Task to carry out = Could you give back exactly the lines below from the one with "Onegif Apple İphone" through the one with "Larry Johnson Autographed/Signed", without a single picture?

(Beginning of Material shown)

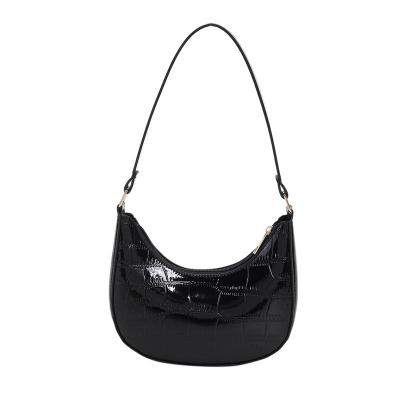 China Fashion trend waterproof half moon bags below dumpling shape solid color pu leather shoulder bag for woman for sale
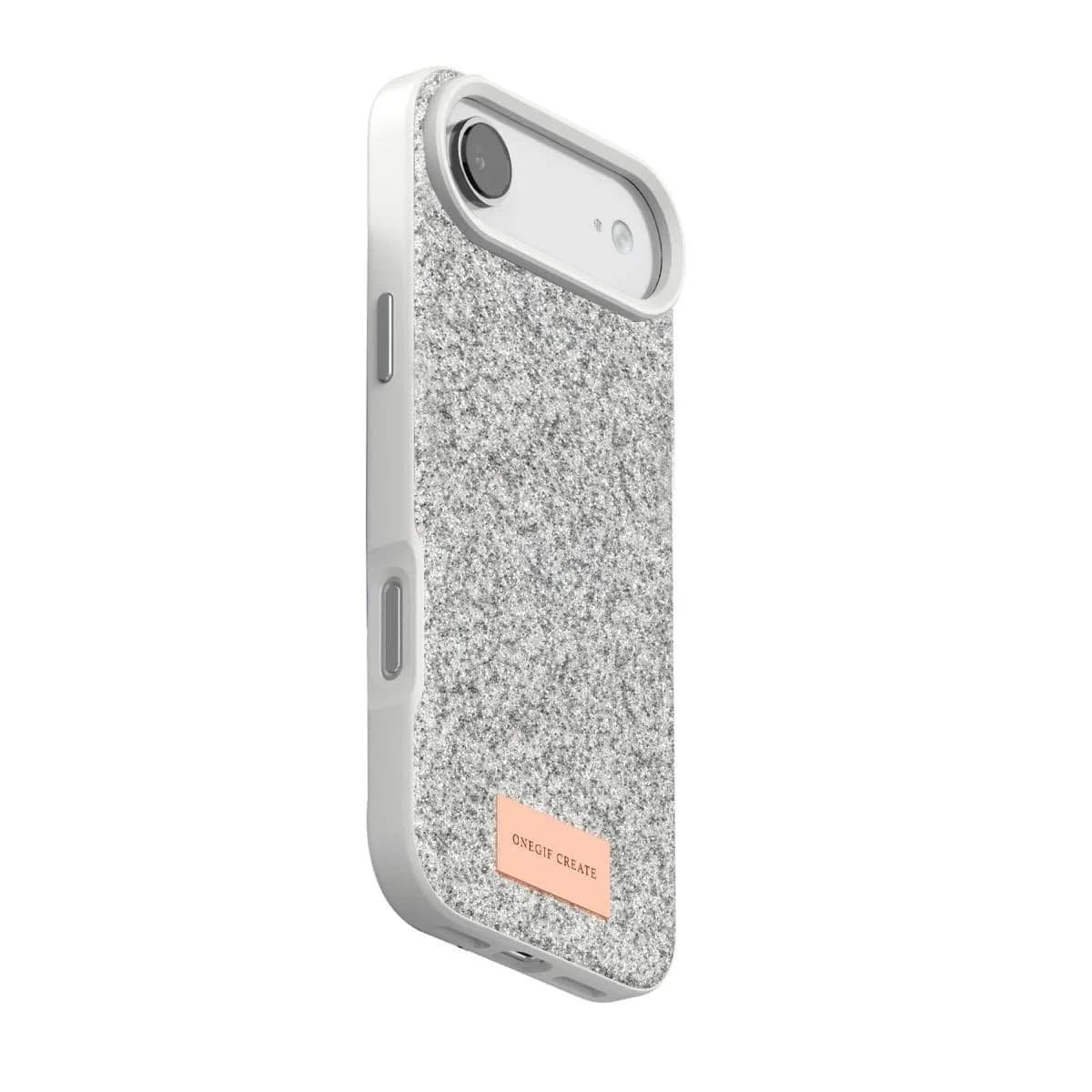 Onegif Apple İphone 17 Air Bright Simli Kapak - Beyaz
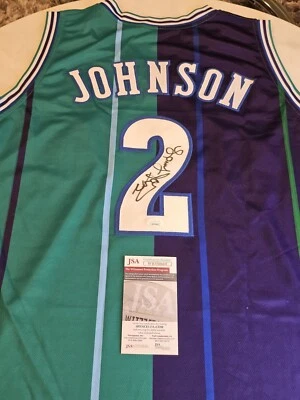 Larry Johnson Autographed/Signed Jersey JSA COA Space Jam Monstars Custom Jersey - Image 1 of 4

(End of Material shown)
(Beginning of Material shown)

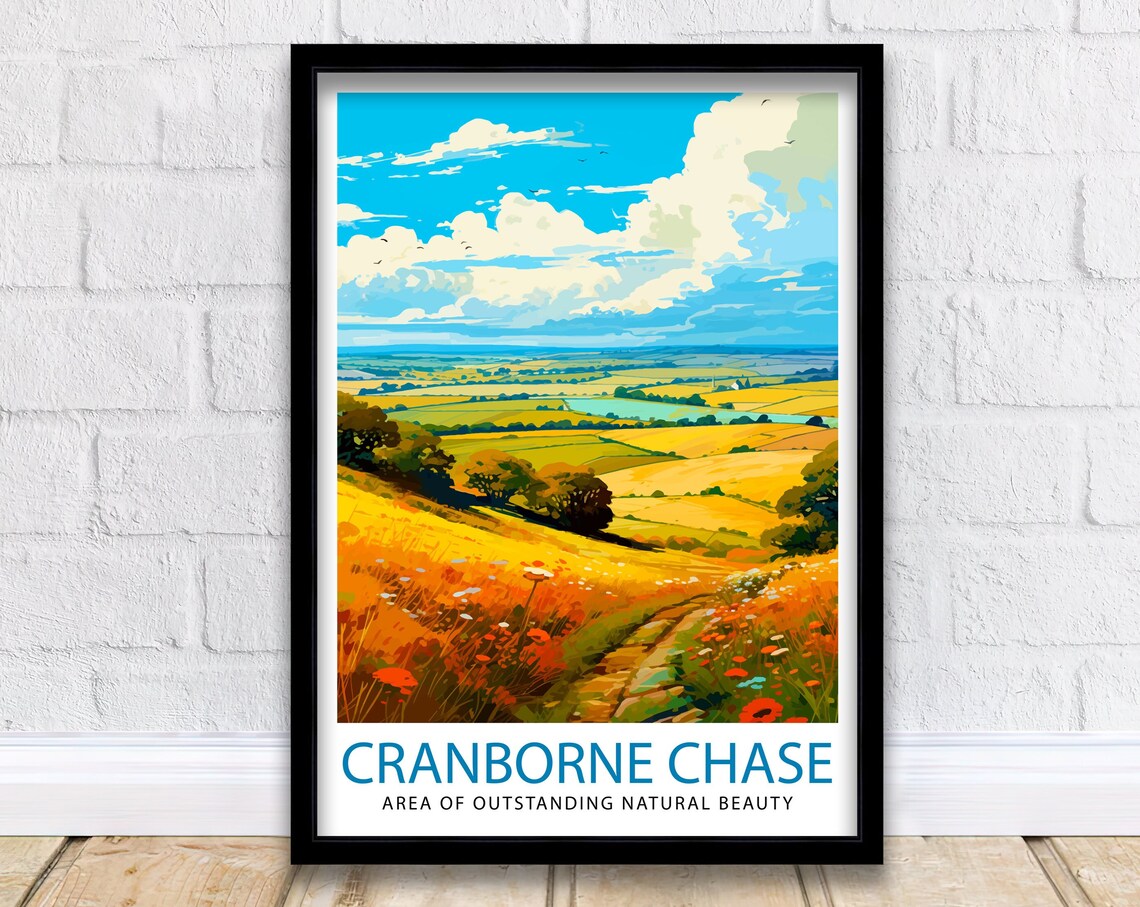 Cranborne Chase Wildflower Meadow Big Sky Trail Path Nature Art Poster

(End of Material shown)

Solution for this exercise =
 Onegif Apple İphone 17 Air Bright Simli Kapak - Beyaz
 Larry Johnson Autographed/Signed Jersey JSA COA Space Jam Monstars Custom Jersey - Image 1 of 4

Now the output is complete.